• Aim of the task
Copy only what lies from the line containing "The Titanic Fact" through the line containing "Molecules 28 00754 g001" in the entries below, keeping both end lines exact and dropping every picture.

• Data
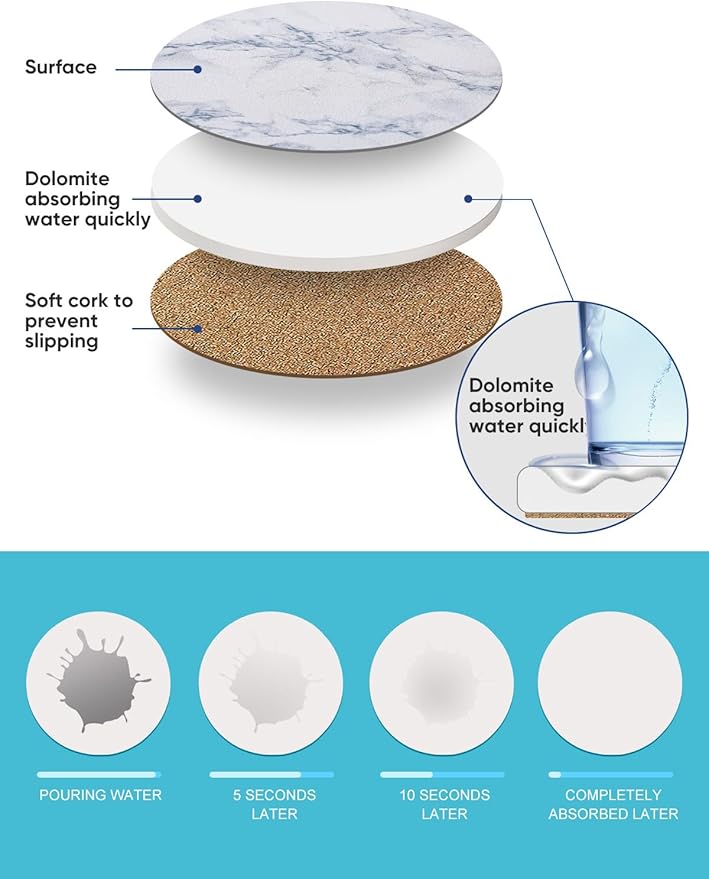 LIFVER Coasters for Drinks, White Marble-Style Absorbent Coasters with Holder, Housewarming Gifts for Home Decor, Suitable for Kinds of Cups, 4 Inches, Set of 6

---

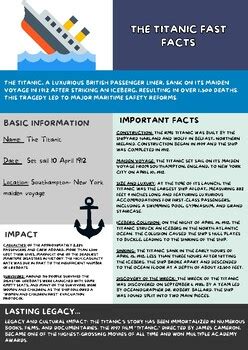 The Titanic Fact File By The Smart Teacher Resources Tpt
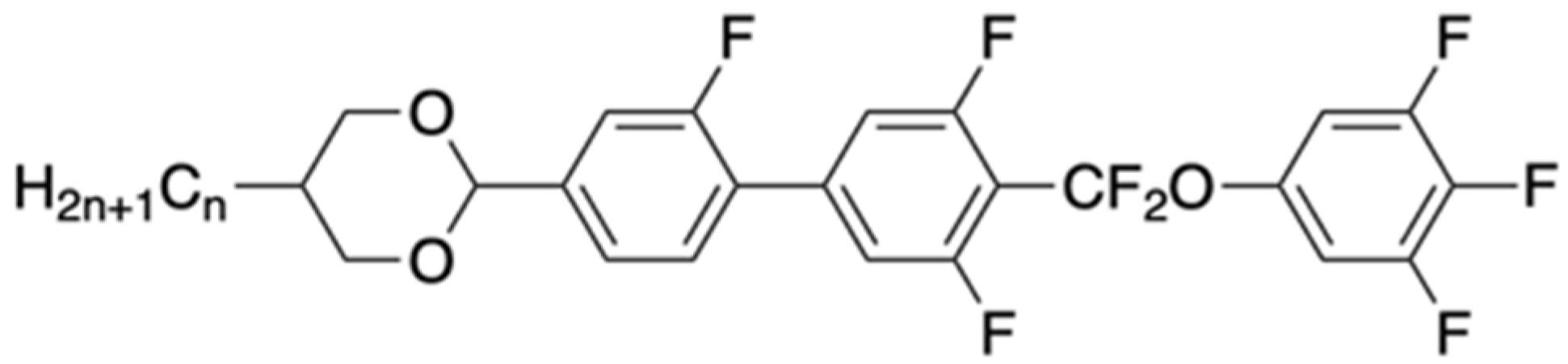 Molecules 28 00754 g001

---

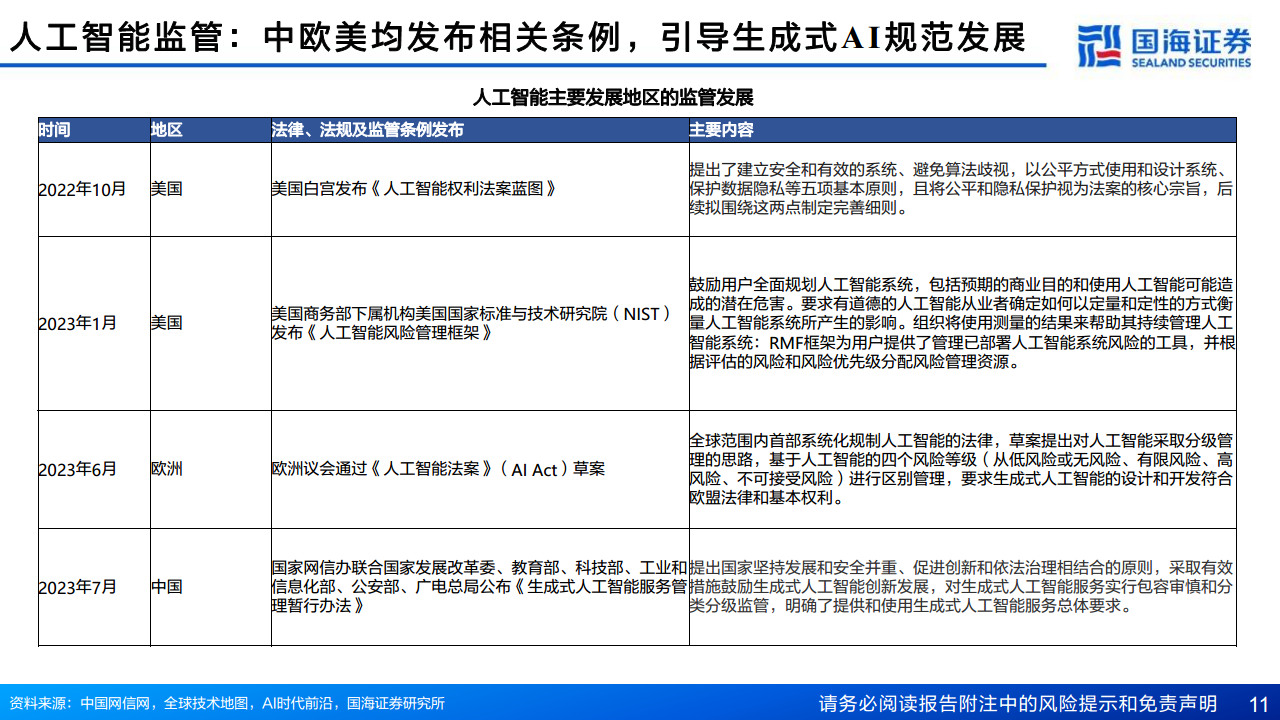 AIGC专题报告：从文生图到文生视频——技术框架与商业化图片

• Task output
 The Titanic Fact File By The Smart Teacher Resources Tpt
 Molecules 28 00754 g001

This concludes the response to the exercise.